Build your own Augmented Reality Sandbox

Update: There is now an AR Sandbox support forum with detailed complete installation instructions starting from a blank/new PC, and a video showing a walk-through of same instructions. You’re welcome to read the rest of this article for context and background information, but please ignore the outdated hardware recommendations and installation instructions below. Instead, use the up-to-date hardware recommendations from the AR Sandbox project page, and follow the instructions linked above.

Earlier this year, I branched out into augmented reality (AR) to build an AR Sandbox:

Photo of AR Sandbox, with a central “volcano” and several surrounding lakes. The topographic color map and contour lines are updated in real time as the real sand surface is manipulated, and virtual water flows over the real sand surface realistically.

I am involved in an NSF-funded project on informal science education for lake ecosystems, and while my primary part in that project is creating visualization software to drive 3D displays for larger audiences, creating a hands-on exhibit combining a real sandbox with a 3D camera, a digital projector, and a powerful computer seemed like a good idea at the time. I didn’t invent this from whole cloth; the project got started when I saw a video of such a system done by a group of Czech students on YouTube. I only improved on that design by adding better filters, topographic contour lines, and a physically correct water flow simulation.
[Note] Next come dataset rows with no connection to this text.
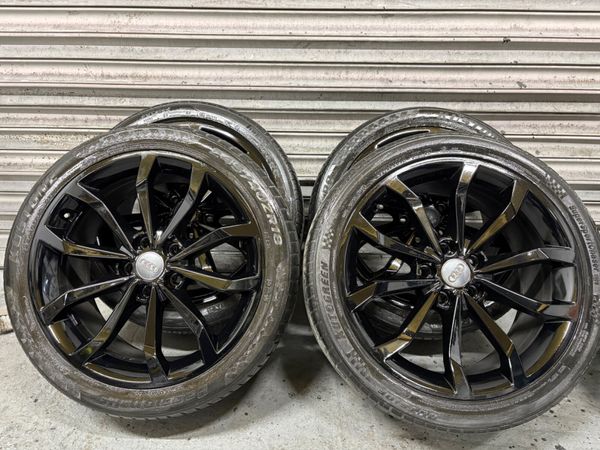 Audi A4 S-Line Alloys 18” 378350283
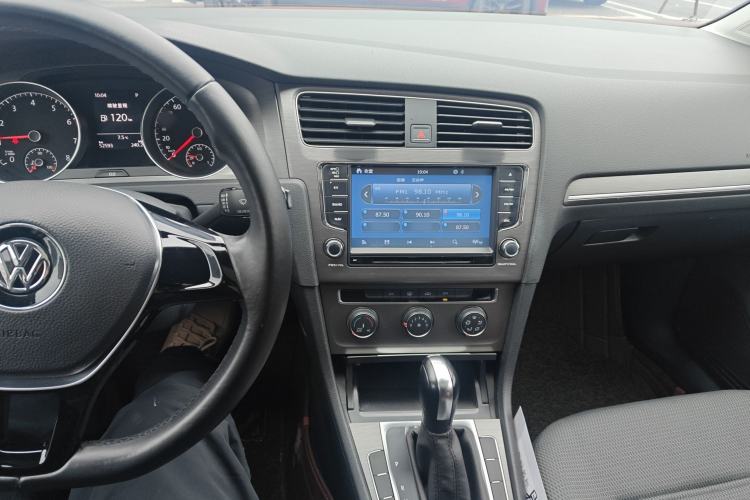 Used Volkswagen Golf 2016 1.6L Automatic Comfort Model
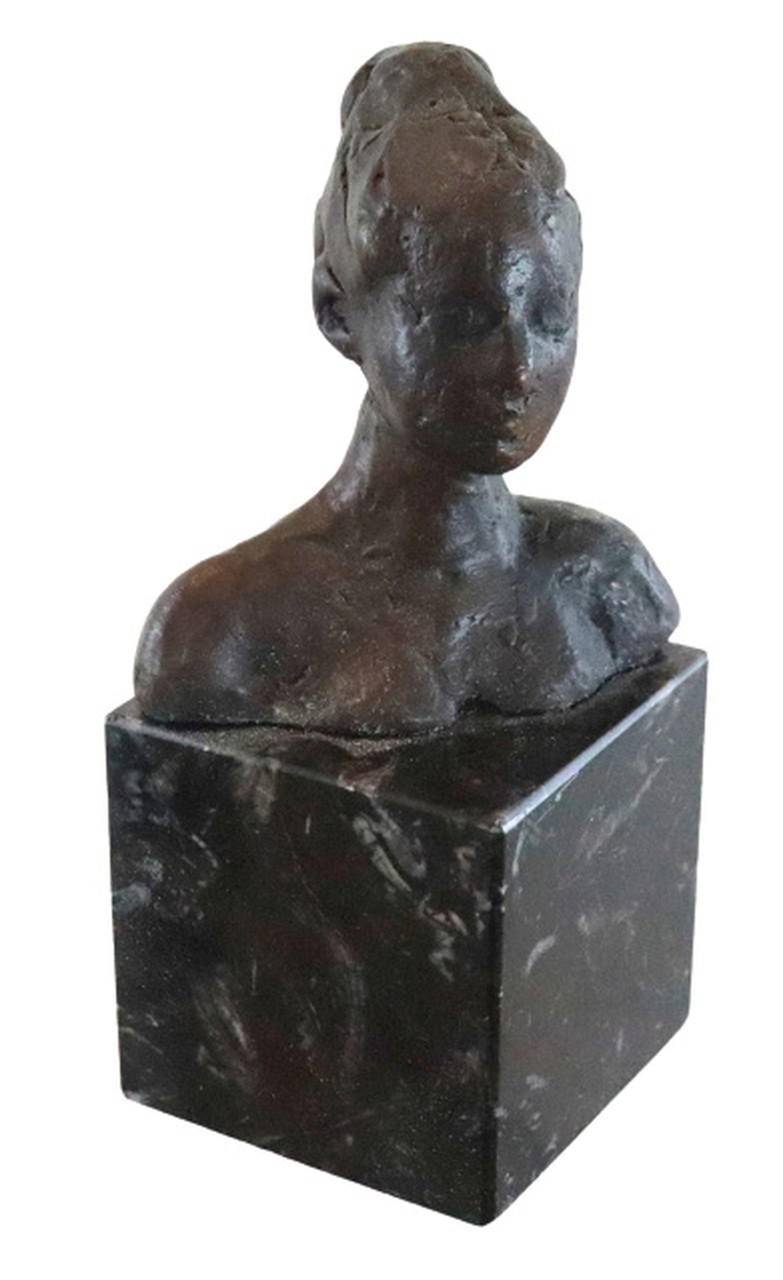 Estatua de bronce sobre mármol de una cabeza de mujer.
The idea is to have these AR sandboxes as more or less unsupervised hands-on exhibits in science museums, and allow visitors to informally learn about geographical, geological, and hydrological principles by playing with sand. The above-mentioned NSF project has three participating sites: the UC Davis Tahoe Environmental Research Center, the Lawrence Hall of Science, and the ECHO Lake Aquarium and Science Center. The plan is to take the current prototype sandbox, turn it into a more robust, museum-worthy exhibit (with help from the exhibit designers at the San Francisco Exploratorium), and install one sandbox each at the three sites.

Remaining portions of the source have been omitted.